# Grandson's 16 pointer



## Skippy (Dec 2, 2009)

Our son in law pull his oldest son, whos 10 out of school a little early Friday afternoon and took him hunting. They went to a ground blind where our youngest grandson who's 8 got his first deer, a doe, about 2 weeks ago. Just before dark this buck came walking in and gave him a nice side shot. SIL saw him go down once then get back up so they pulled out and waited till Saturday morning before tracking him. We had our own little army going in Saturday morning. SIL's dad and brother, our 2 grandsons and me.
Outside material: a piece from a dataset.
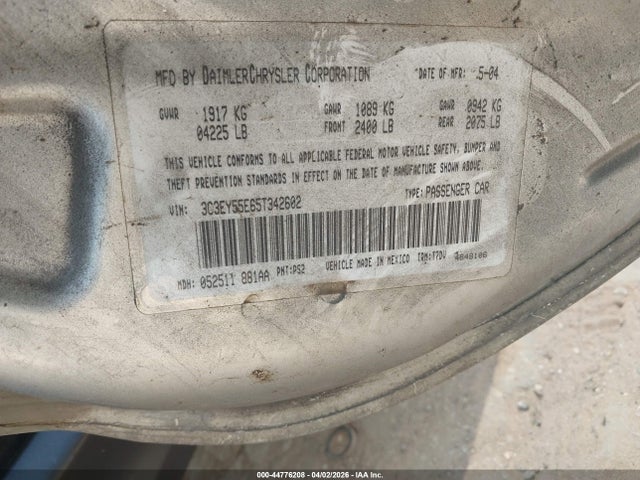 2005 Chrysler Pt Cruiser Touring მანქანა იყიდება აუქციონზე, vin: 3C3EY55E65T342602, აუქციონის ნომერი: 44776208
As soon as we got out of the trucks we could see him laying on the far hill side but we went back to the blind and had the 2 grandsons blood trail him.. He's an honest 162 & 3/8. Even has a small drop tine. The grandson has no idea what he's got. There's a ton of hunters who have never come close to this deer's size. We all aged him at just 3 years old. Have to add that there were 3 other good deer hunters after this deer.


----------



## Skippy (Dec 2, 2009)

Have to try uploading pictures.


----------



## Lewis (Apr 5, 2004)

Congrats to your grandson on a very nice buck!


----------



## Saugeye Tom (Oct 6, 2010)

Oh lord..he's ruint for life.....


----------



## snag (Dec 27, 2005)

A real trophy!! Hope it's going on the wall, would be hard to top that one .


----------



## ML1187 (Mar 13, 2012)

I killed my first buck at 10 on the ground as well- I remember that night of almost no sleep wondering if the shot was good enough! Turns out it was. And I'm glad your grandsons was too! Just like tom said he is ruined now! Congrats to you and your family. Awesome.


----------



## K gonefishin (May 4, 2004)

nice job.


----------



## sherman51 (Apr 12, 2011)

that is one awesome buck. congrats to the young hunter.
sherman


----------



## Eyehunt (Apr 25, 2014)

Wow, Congratulations to your grandson and the whole family! What a wonderful trophy, and a wonderful memory that will truly last a lifetime!!


----------



## r9ptbuck (Sep 22, 2006)

Awesome!!!!


----------



## Lundy (Apr 5, 2004)

Awesome for all involved! Congratulations

Based upon the shot location in the picture that deer couldn't have gone far., he had to dead within just couple of minutes.


----------



## idontknow316 (Mar 21, 2008)

Fantastic, he has my personal best beat by a long shot! Great story and good job!


----------



## Bass&Bucks (Jan 12, 2009)

Outstanding deer for this young man.....I love the fact that you guys saw him but still had the youngsters blood track him.....top notch from the "elders". Congrats!


----------



## talltim (Jul 25, 2008)

congrats to all, I hope they hunt together for years to come


----------



## Bluewalleye (Jun 1, 2009)

Awesome buck and story. You can tell that young man that some of us have been deer hunting for over 35 years and have never come close to harvesting a buck as nice as that one.... That would be me...


----------



## Skippy (Dec 2, 2009)

Yea, he's getting it mounted. SIL bought him and his brother a nice crossbow that has an adjustable stock on it. They shoot it off of a tripod rest. 2 bladed Rage did that buck in. Arrow went in then for what ever reason deflected off the off side shoulder straight down cutting up that lung extra good. Deer went about 75 yards. The Rage still had both blades on it when we recovered the front half of the arrow.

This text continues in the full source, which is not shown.